En outre, lors d’un interrogatoire en mars, il aurait avoué qu’il n’était pas « improbable » qu’il ait séquestré Estelle Mouzin à Ville-sur-Lumes, après l’avoir enlevée à Guermantes, petite ville tranquille de banlieue parisienne, alors qu’elle revenait de l’école. Contrairement à ce qu’il avait toujours affirmé, un indice accrédite désormais la présence du tueur dans ce village deux jours après la disparition de l’enfant : un ticket de caisse datant du 11 janvier 2003.

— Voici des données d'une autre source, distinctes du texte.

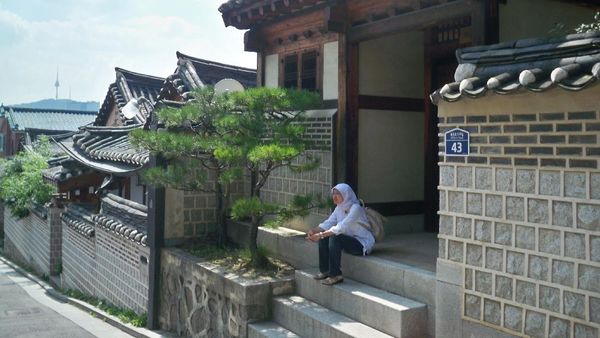 Di Lokasi Syuting Drama Korea Personal Taste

Selon 20 minutes, la juge d’instruction en charge du dossier envisagerait d’organiser une deuxième série de fouilles dans une ancienne carrière de sable des Yvelines, près d’un autre domicile du tueur dans les années 1990. Condamné plusieurs fois à la réclusion criminelle à perpétuité, Michel Fourniret a pour l’instant avoué 11 meurtres, mais les enquêteurs sont intimement convaincus qu’il a bien d’autres morts sur la conscience.

Un alibi fragilisé

Sa défense a reposé sur son alibi : un appel à son fils le soir des faits pour son anniversaire. Ce dernier n’avait alors pas décroché mais cet appel avait été attesté par des relevés téléphoniques. Cette version a néanmoins été récemment fragilisée par son ex-épouse, Monique Olivier. Entendue en novembre par la juge, elle a raconté avoir elle-même passé ce coup de téléphone, à la demande de son mari.

La découverte du corps d’Estelle Mouzin permettrait l’ouverture d’un procès. Le tueur en série, âgé de 77 ans, souffrirait selon plusieurs médias de troubles de la mémoire liés à un début de maladie d’Alzheimer.